What we get instead is Ed Wynn, Sal Mineo and Van Heflin
euphorically running up a hilltop and shouting out loud the various miracles
the Lamb of God has bashfully performed off-screen. Everything takes a very
long time to happen and a large portion of the film is given over to a lot of
Christ walking, talking at people but not really doing anything. For all the
vast length, no real idea is given at all about what people were drawn to or
found magnetic about Him. It’s as if Stevens is so concerned to show He was
better than this world, that the film forgets to show that He was actually part
of this world. Instead, we have to kept being told what a charismatic
guy He is and how profound His message is: we never get to see or hear these
qualities from His own lips.
For a film designed to celebrate the Greatest, the film
strips out much of the awe and wonder in Him. It’s not helped by the chronic
miscasting of Max von Sydow. Selected because he was a great actor who would be
unfamiliar to the mid-West masses (presumably considered to be unlikely to be au
fait with the work of Ingmar Bergman), von Sydow is just plain wrong for
the role. His sonorous seriousness and restrained internal firmness help make
the Son of God a crushing, distant bore. He’s not helped by his dialogue being
entirely made-up of Bible quotes or the fact that Stevens directs him to be so
stationary and granite, with much middle-distance staring, he could have been replaced
with an Orthodox Icon with very little noticeable difference.
Around von Sydow, Stevens followed the norm by hiring as
many star actors as possible, some of whom pop up for a few seconds. The most
famous of these is of course John Wayne as the Centurion who crucifies Jesus.
This cameo has entered the realms of Filmic Myth (the legendary “More Awe!”exchange). Actually, Stevens shoots Wayne with embarrassment, as if knowing getting
this Western legend in is ridiculous – you can hardly spot Wayne (if you didn’t
know it was him, you wouldn’t) and his line is clearly a voiceover. In a way
just as egregious is Sidney Poitier’s wordless super-star appearance as Simon,
distracting you from feeling the pain of Jesus’ sacrifice by saying “Oh look that’s
Sidney Poitier” as he dips into frame to help carry the cross.
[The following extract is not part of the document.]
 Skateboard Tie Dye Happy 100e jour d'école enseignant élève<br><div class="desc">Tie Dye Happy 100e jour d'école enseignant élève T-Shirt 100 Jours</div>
Of the actors who are in it long enough to make an impression, they fall into three camps: the OTT, the “staring with reverence” and the genuinely good. Of the OTT crowd, Rains and Ferrer set the bar early as various Herods but Heston steals the film as a rug-chested, manly John the Baptist, ducking heads under water in a Nevada lake, bellowing scripture to the heavens. Of the reverent, McDowell does some hard thinking as Matthew, although I have a certain fondness for Gary Raymond’s decent but chronically unreliable Peter (the scene where he bitches endlessly about a stolen cloak is possibly the only chuckle in the movie).
It’s a sad state of affairs that the Genuinely Good actors
all play the Genuinely Bad characters – poor old Jesus, even in the story of
his life the Devil gets all the best scenes. That’s literally true here as
Donald Pleasence is head-and-shoulders best-in-show as a softly spoken,
insinuating but deeply sinister “Dark Hermit” who tempts Jesus in the
wilderness and then follows Him throughout the Holy Land, turning others against
Him. Also good are David McCallum as a conflicted Judas, Telly Savalas as weary
Pilate (he shaved his head for the role, loved the look and never went back)
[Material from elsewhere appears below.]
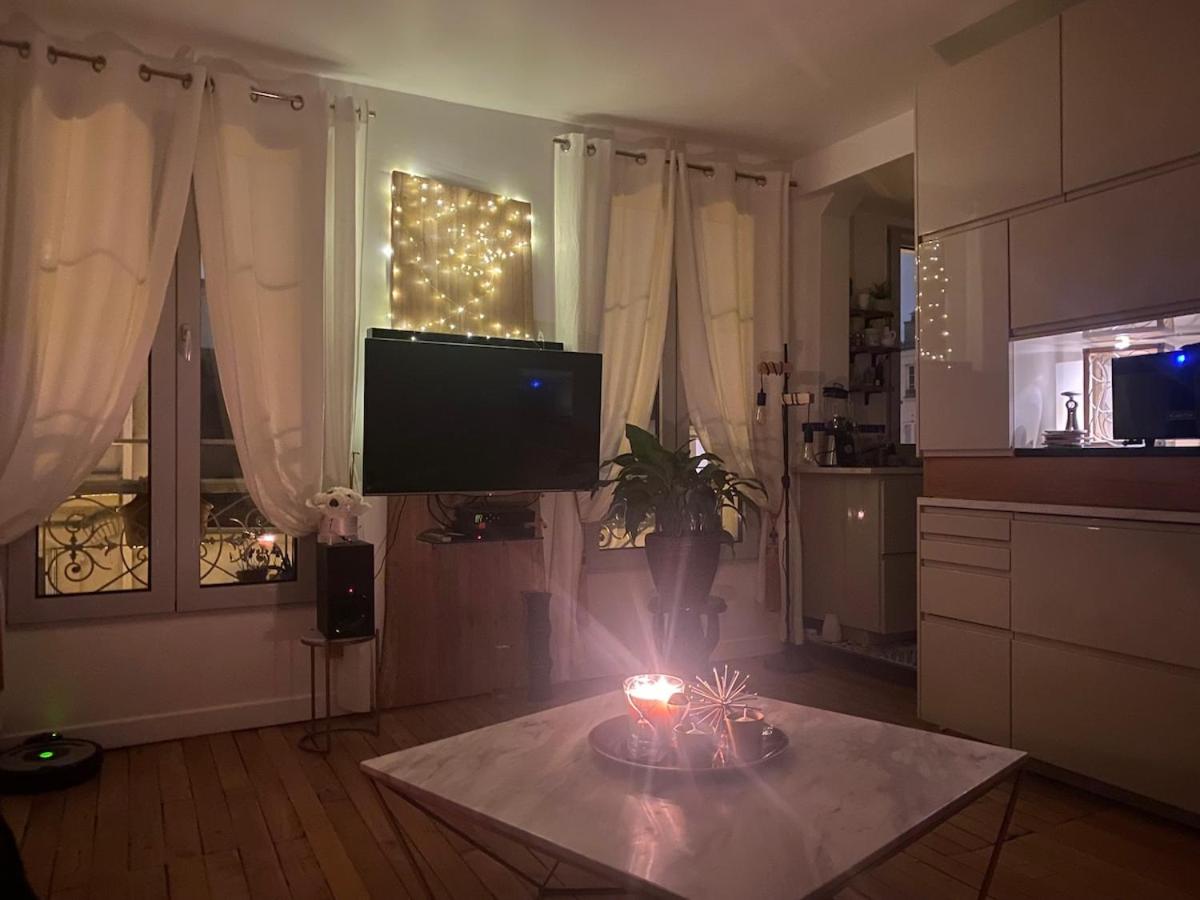 Beautiful apartment with Sacré-Coeur view in Paris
and Martin Landau, good value as a corrupt Caiaphas (“This will all be
forgotten in a week” he signs the film off with saying).
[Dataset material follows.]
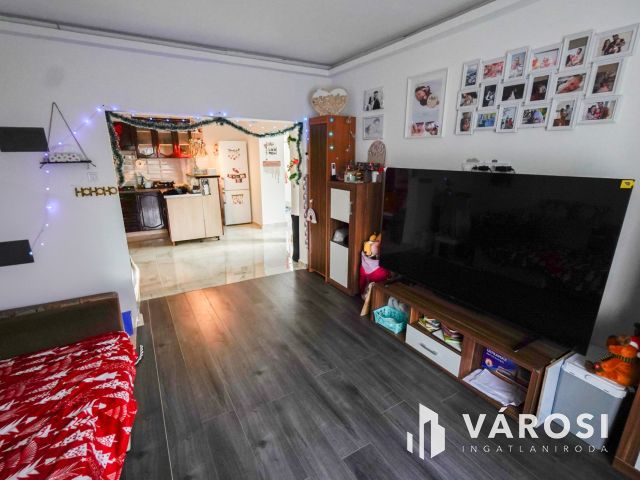 Kilátással a Börzsönyre Letkésen!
That’s about all there is to enjoy about a film that
probably did more to reduce attendance at Sunday School than the introduction
of Sunday opening hours and football being played all day. A passion project
from Stevens where he forgot to put any of that passion on the screen, it
really is as long and boring as you heard, a film made with such reverent skill
that no one seemed to have thought about stopping and saying “well, yes, but is
it good?”. I doubt anyone is watching it up in Heaven.